Electric portable stoves and cookers – power hungry
There are a variety of electric cooking stoves and appliances available which you could use with a battery power station. Unlike charging electronics, generating heat with electricity takes lots of energy and will drain batteries quickly. Evaluate the energy use of you electric appliances before you plan to cook with them in an emergency. If you have enough power, cooking with electric heat avoids all the issues of oxygen depletion and CO (but you still have some fire risk)
Before you use a camping stove indoors, here are some tips to help you safely use one indoors.
- Proper ventilation: It is essential to have proper ventilation when using a camping stove indoors. Open windows or doors as needed.
- Keep flammable materials away: Keep the area around the stove clear of flammable materials, such as curtains, paper, leaves, and tent walls.
- Use on a stable surface: Place the stove on a sturdy, heat-resistant surface. This is especially important for backpacking stoves. They are often lightweight and become top-heavy after you place a full pot on the burner.
- Carbon Monoxide detector: Make sure to have a functioning CO detector in the room where the stove is being used. This is most important in small enclosed spaces like a van or tiny trailer.
- Fire extinguisher: Keep a fire extinguisher nearby in case of a fire.
- Keep children and pets away: Keep children and pets away from the stove while it is in use.
- Don’t walk away: Never leave a burning stove unattended and keep a close eye on it while in use.
Be aware of what you cook
During a winter power outage, I was cooking on my propane grill and stove combo in the garage with the door partly open. I decided to grill some burgers and even with the open door, my garage quickly became smokey. In hindsight, it was obviously from grease dripping on the flames and the meat searing on the grill. While this was a grill rather than a stove, avoid searing meat or stir-frying with oil over high heat can also cause smoke indoors.
How to use a camping stove indoors
- Before using a new stove, read the manufacturer’s instructions for connecting it to the fuel source and lighting it.
- Connect the stove to the fuel source and ensure all fittings are tight and secure. If you have never used it before, consider doing this outside the first time.
- Ensure you have good ventilation in the area around the stove. An open window or a door is a good choice if you don’t have a dedicated vent.

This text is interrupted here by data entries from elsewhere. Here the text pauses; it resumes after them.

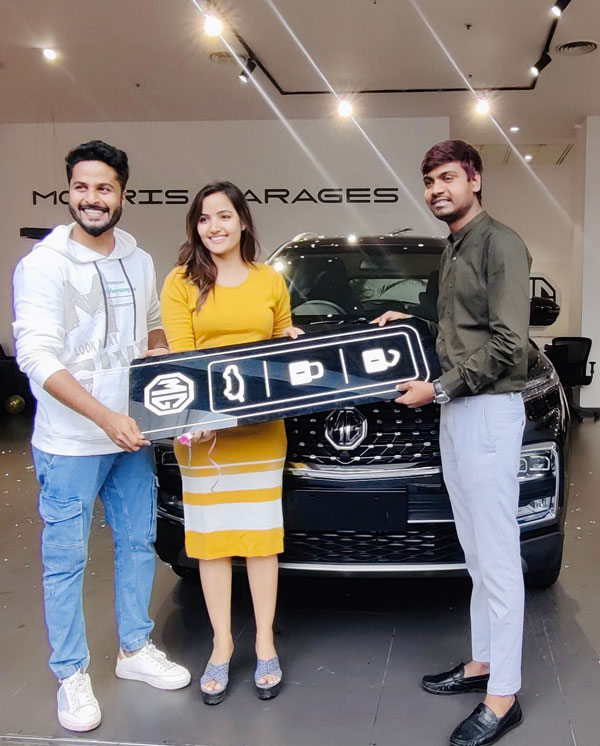 ఖరీదైన కారు కొన్న బిగ్‌బాస్‌ బ్యూటీ 'సిరి హన్మంతు': ధర ఎంతో తెలుసా?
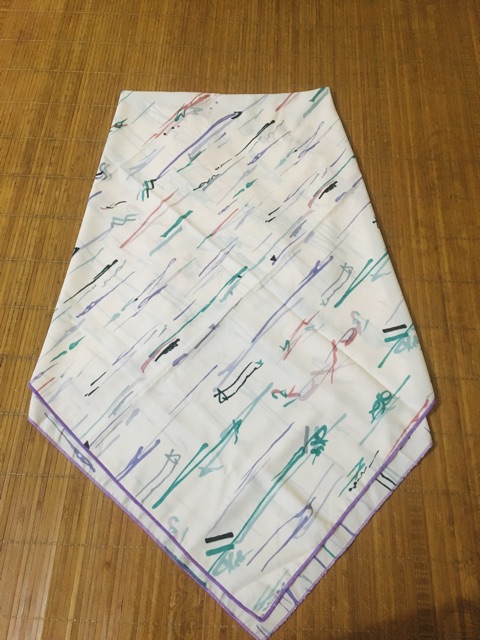 ÁO YẾM KHÔNG DÂY HOẠ TIẾT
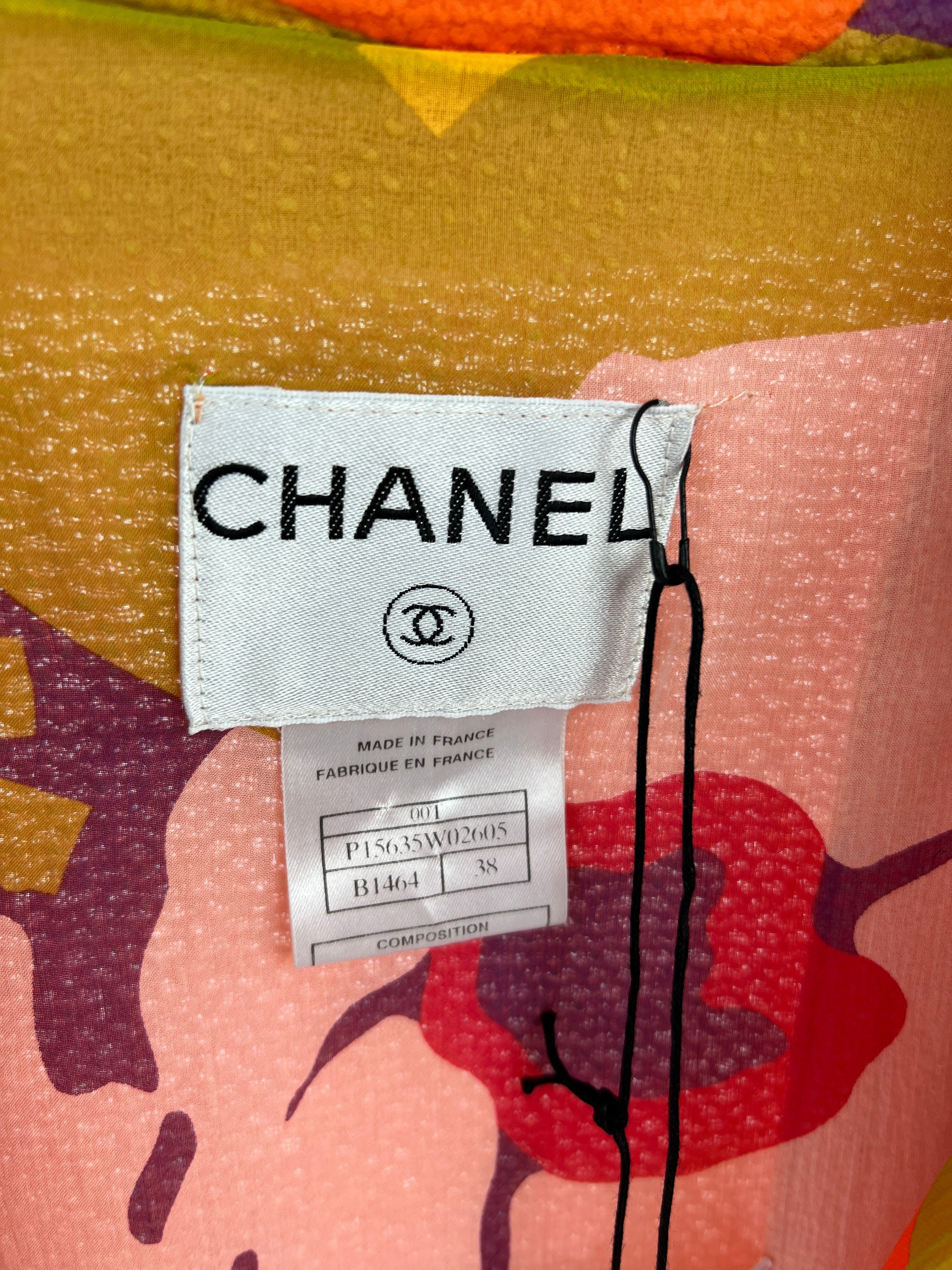 *FIRE PRICE* Chanel Peach Three Piece Set with Multicoloured Silk Trim and Shoulder Pad Detailing FR 38 (UK 10)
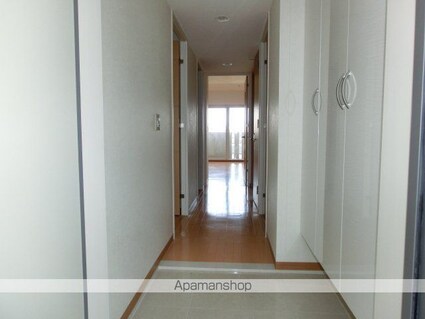 レゾナンス庚午[3LDK/72.81m2]の玄関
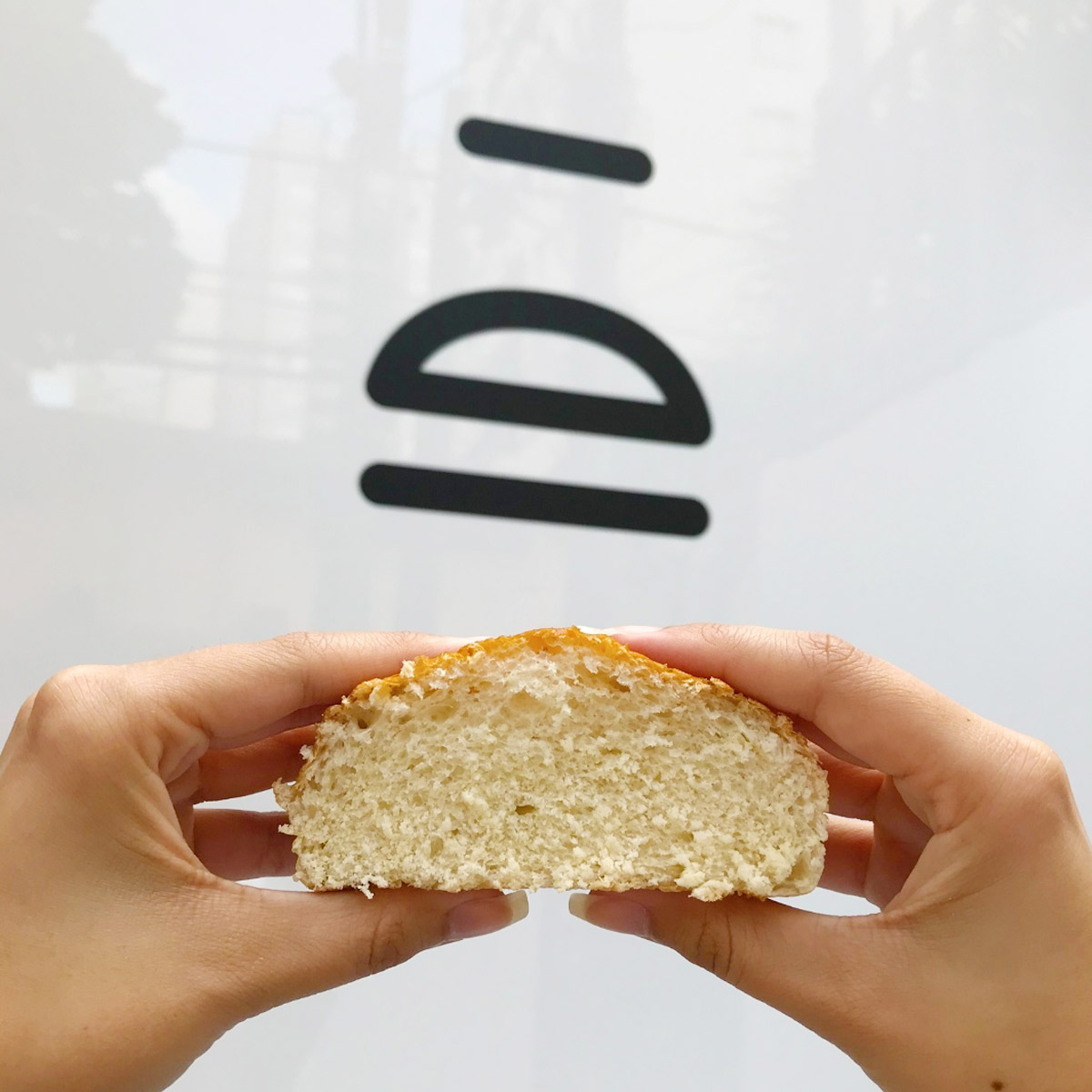 Danielle Gracioso Graphic Designer Vancouver BC Canada – Symbol Logo Food Plein Burger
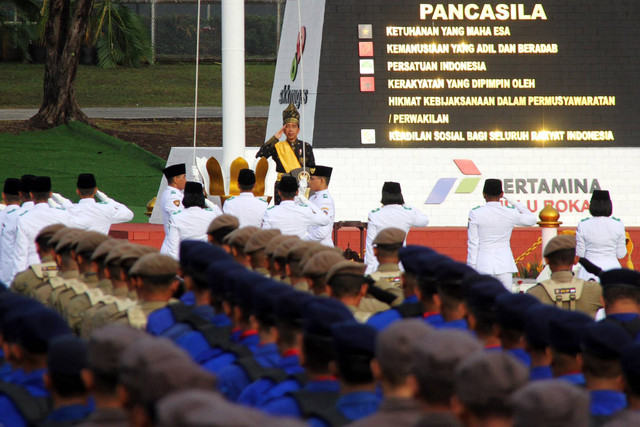 Presiden Jokowi memberikan penghormatan kepada bendera Merah Putih pada upacara memperingati Hari Lahir Pancasila di Lapangan Garuda Pertamina Hulu Rokan (PHR) Dumai, Riau, Sabtu (1/6/2024). Foto: Aswaddy Hamid/Antara Foto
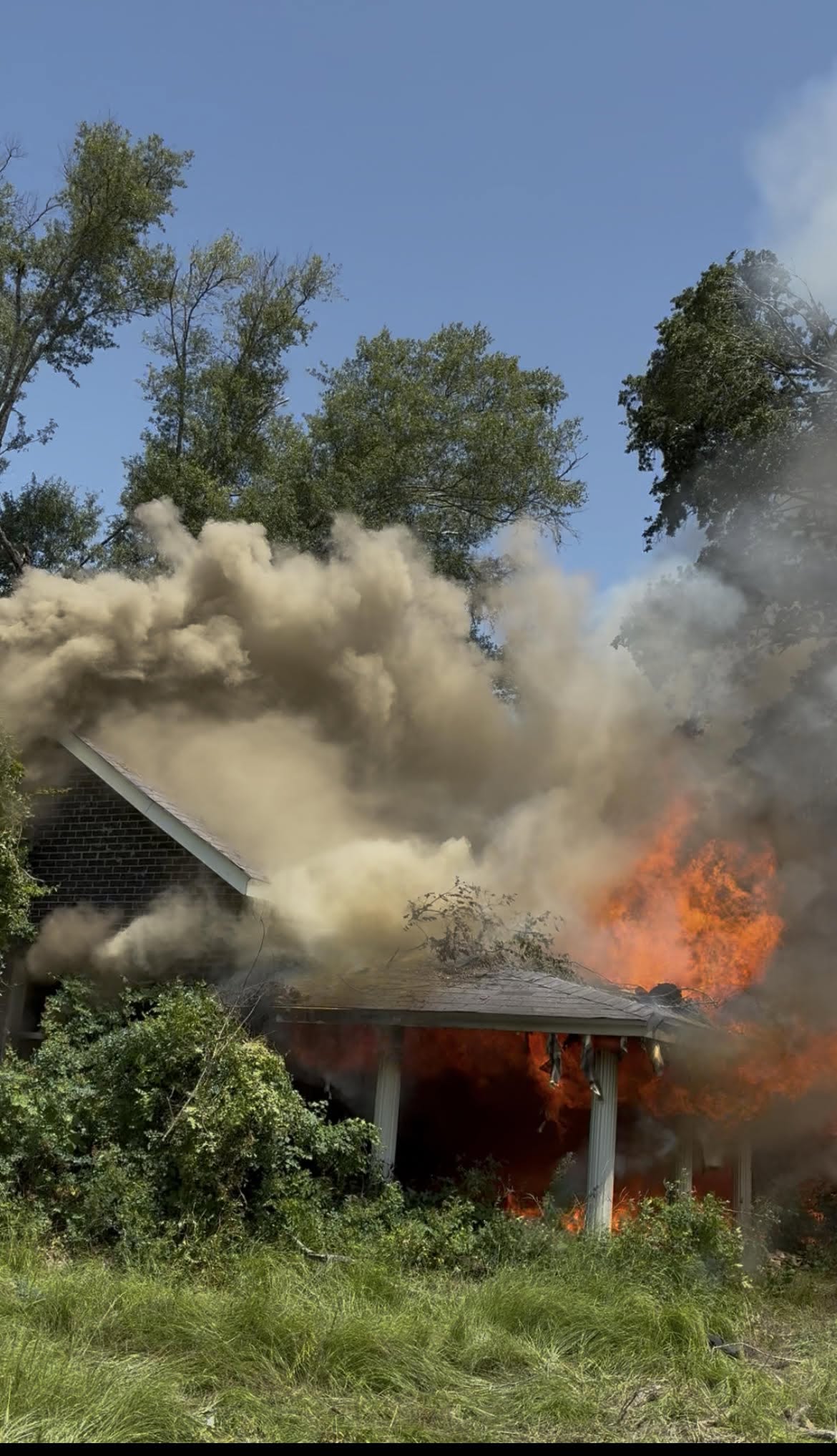 Desoto Fire Districts conduct controlled fire response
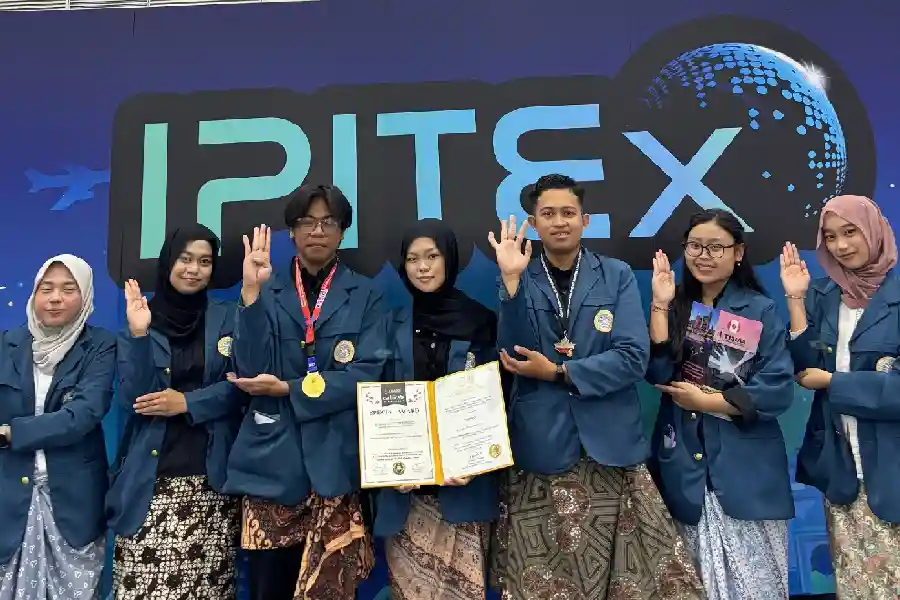 Mahasiswa FST Unair Raih Gold Medal di IPITEx Thailand 2026 Lewat Inovasi Alat Deteksi Carpal Tunnel Syndrome Mahasiswa FST Unair meraih Gold Medal di IPITEx Thailand 2026 lewat inovasi HANDY, alat pendeteksi dini Carpal Tunnel Syndrome berbasis teknologi kesehatan.
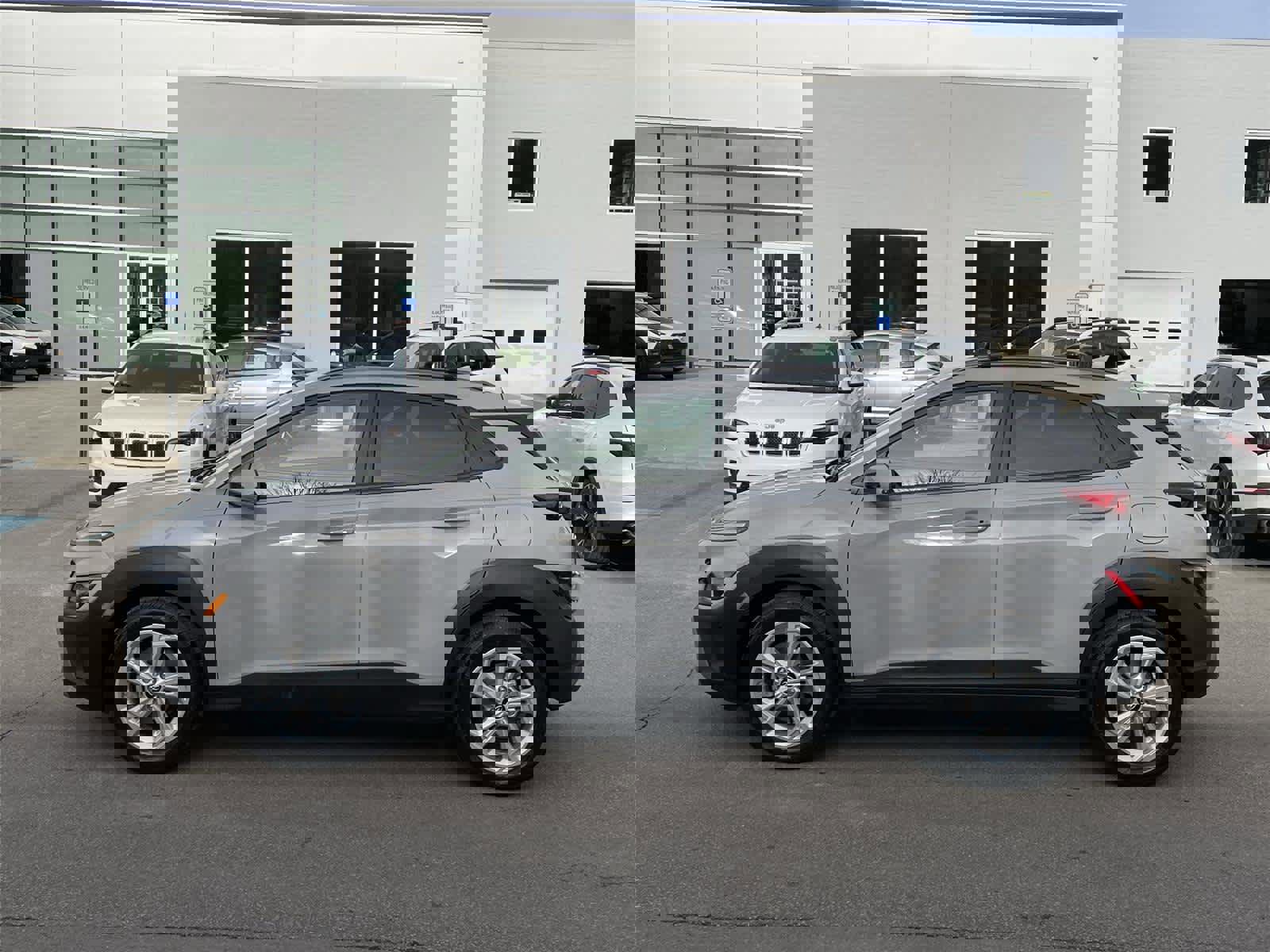 Used 2023 Hyundai Kona SEL image 2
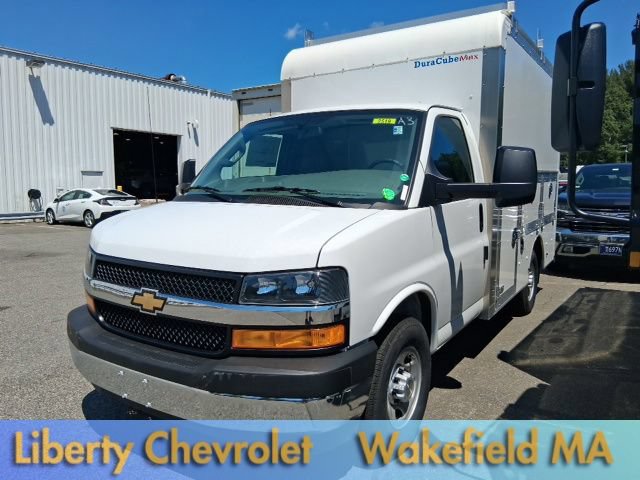 New 2026 Chevrolet Express 3500 w/ Power Convenience Package RWD image 5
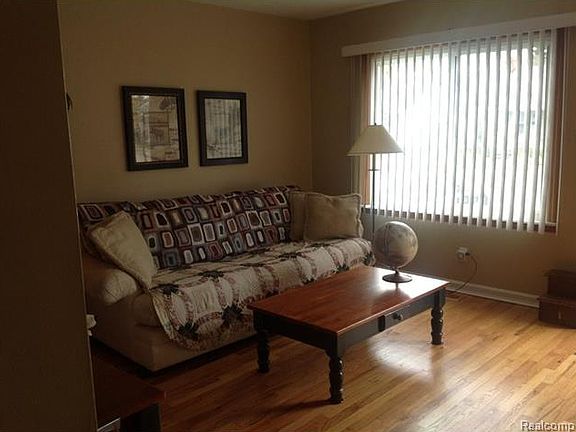 3rd image of 28336 Felician St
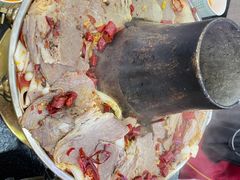 -撒拉人家.酸菜牦牛肉火锅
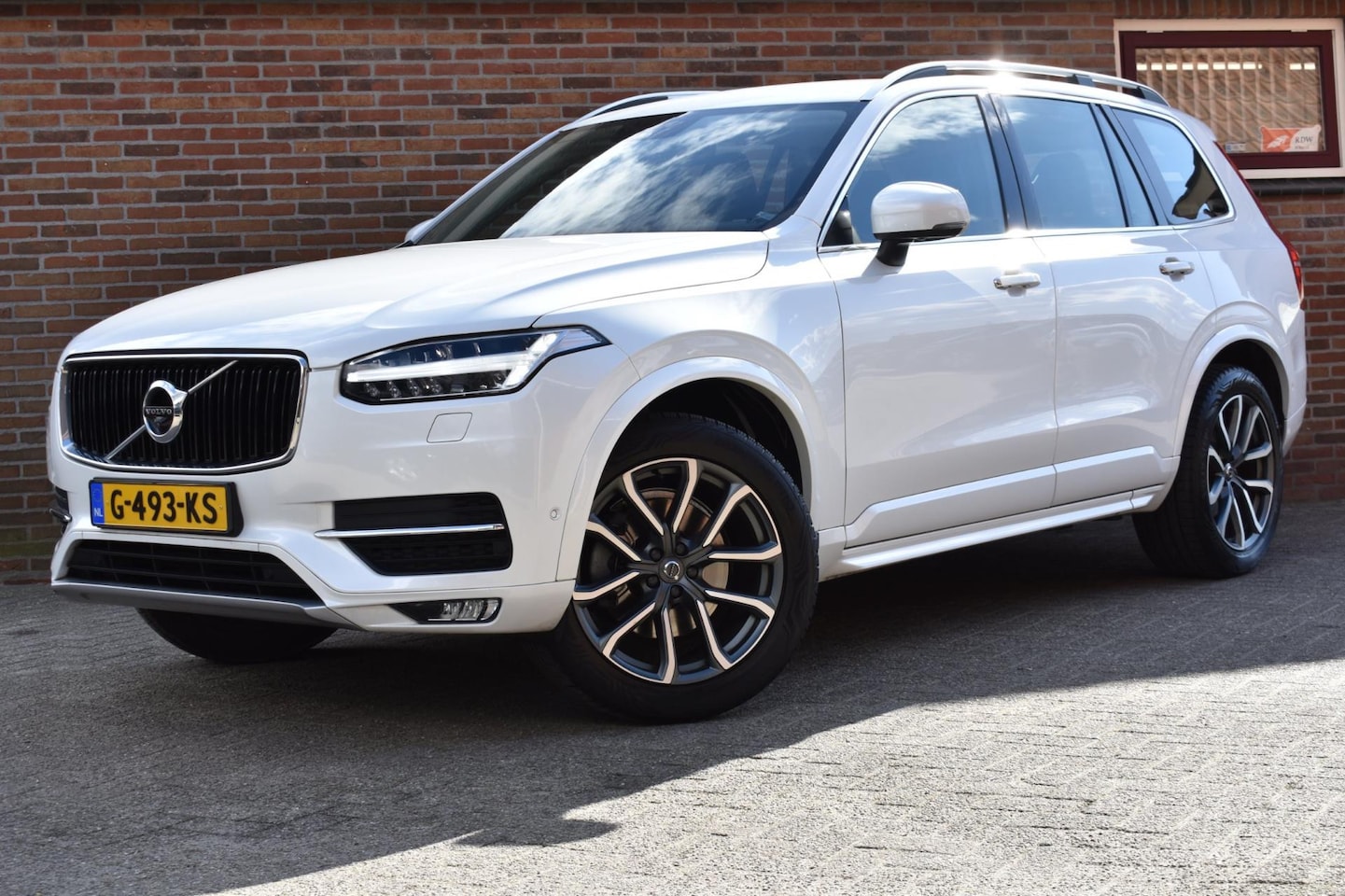 Volvo XC90 - 2.0 D5 AWD '16 LED Leder Clima Navi Cruise Inruil mogelijk - AutoWereld.nl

- Place the stove on a secure, stable surface such as a concrete floor or tabletop. If the stove is on the ground, clear the area of leaves and flammable debris. Place the stove away from any flammable objects like tent walls, and curtains.
- Light stove and cook as needed. Don’t leave the stove unattended and turn it off immediately after you finish using it.
- Allow the stove to cool before you store it to prevent hot parts from starting a fire.
a final note
It’s important to consider all of the potential risks before attempting to use a camping stove indoors in an emergency situation. If you decide to go ahead with it, make sure that you follow the safety tips mentioned above and that you keep a close eye on the stove at all times. If done correctly, you can safely use a camping stove indoors in an emergency.